Bu yazımda, ana konuyu işlerken, dilimize adapta edilmiş kelimeler arasında Türkçemizde tam olarak karşılığı bulunanları (elimden geldiği kadar) parantezler içinde göstermeye çalışarak, gereksiz yere dilimizi (kendi kişisel görüşüme göre) nasıl kirlettiğimizi de göstermeyi amaçlıyorum.
“Tasarım Kavramı” nedir ?
Eğer, tasarım kavramının ne olduğu üzerinde anlaşmaya varabilirsek, ilişki / iletişim içinde bulunduğumuz / kullandığımız ürünlerin / nesnelerin hangilerinin “tasarım” içeriği taşıdığı ve hangilerinin bu içeriğin dışında kalıp, bilimsellik çerçevesi / teknolojik alan / teknolojik buluşlar içinde algılanması gerektiğinde fikir birliğine ( consensus: agreement in opinion, feeling, etc.; general agreement, as of opinion / hani Türkçede “konsensus” dediğimiz şey.) varabiliriz. Kavramların (concept: konsept) yanlış algılanması; insanların sosyo-ekonomik ilşkilerinde de yanlış gruplanmalarına / meslekler arasında alan kaymalarına / “endüstriyel tasarım” gibi yurdumda yeni yeşermeye başlayan mesleklerin başka ilgisiz mesleklerle ( endüstri mühendisliği gibi) karıştırılmasına (!) yol açmakta; endüstriyel tasarım (industrial design) üzerinde eğitim almış bireylerin mesleklerini terk ederek mimarlığın alt alanlarına kaymalarına, boş bırakılan bu alanın mühendislik ve teknik eğitim almış bireyler tarafından doldurulmasına, giderek zincirleme etkileşim (reaction) ile işyerlerinde paylaşım / dayanışma / işbirliği ile ürünlerin estetik / biçimsel rekabet şanslarını da zayıflatarak / yok ederek fabrika ( ve hatta yurdum) üretim verimliliğinin düşmesine... sebep olmaktadır.
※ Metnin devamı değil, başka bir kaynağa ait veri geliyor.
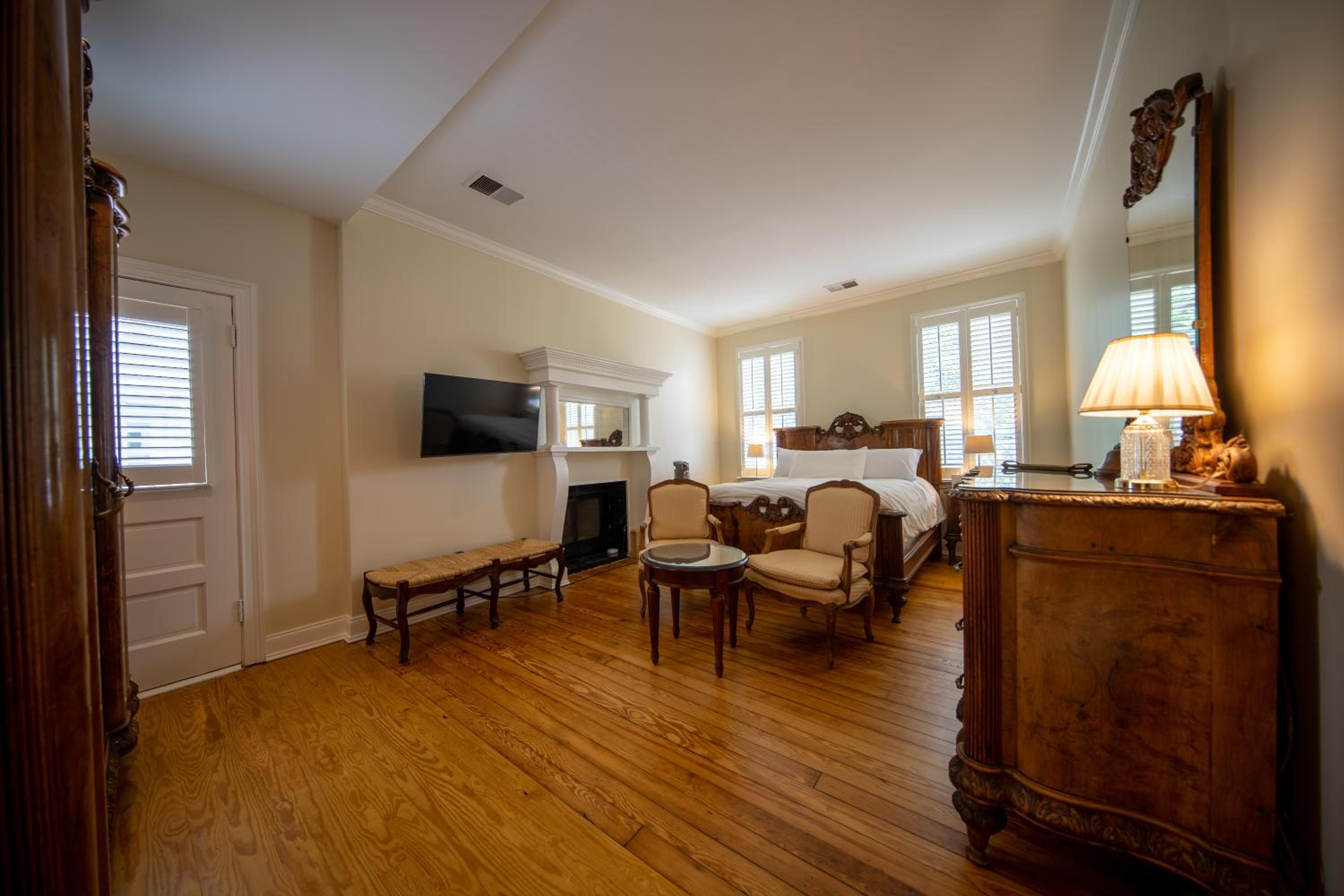 Deluxe Queen Room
Tasarım kavramını açıklamak için yapılmış pek çok değişik, kalıpsallaşmış cümleler var. Ben, bu
kalıpların hiç birini kullanmamak taraftarıyım. Tasarımın kendisi gibi, tarifi de ( içeriği değil ) tamamen öznel olmalıdır; kendi bilimsel sınırları içinde kalmak koşulu ile, her tasarımcının, kendi öznel tarifi olmalıdır. Zaten, tasarımcılığın ilk kuralı da bu öznellik / özgünlüktür. Ben, kavramın içeriğini ( kendi algıladığım biçimde ) anlatmak için yazıyorum; kaide / kural (dogma: a rigidly held principle or doctrine; a precept ) olsun diye değil. Doğal olarak da, fikirlerim tartışılmalıdır.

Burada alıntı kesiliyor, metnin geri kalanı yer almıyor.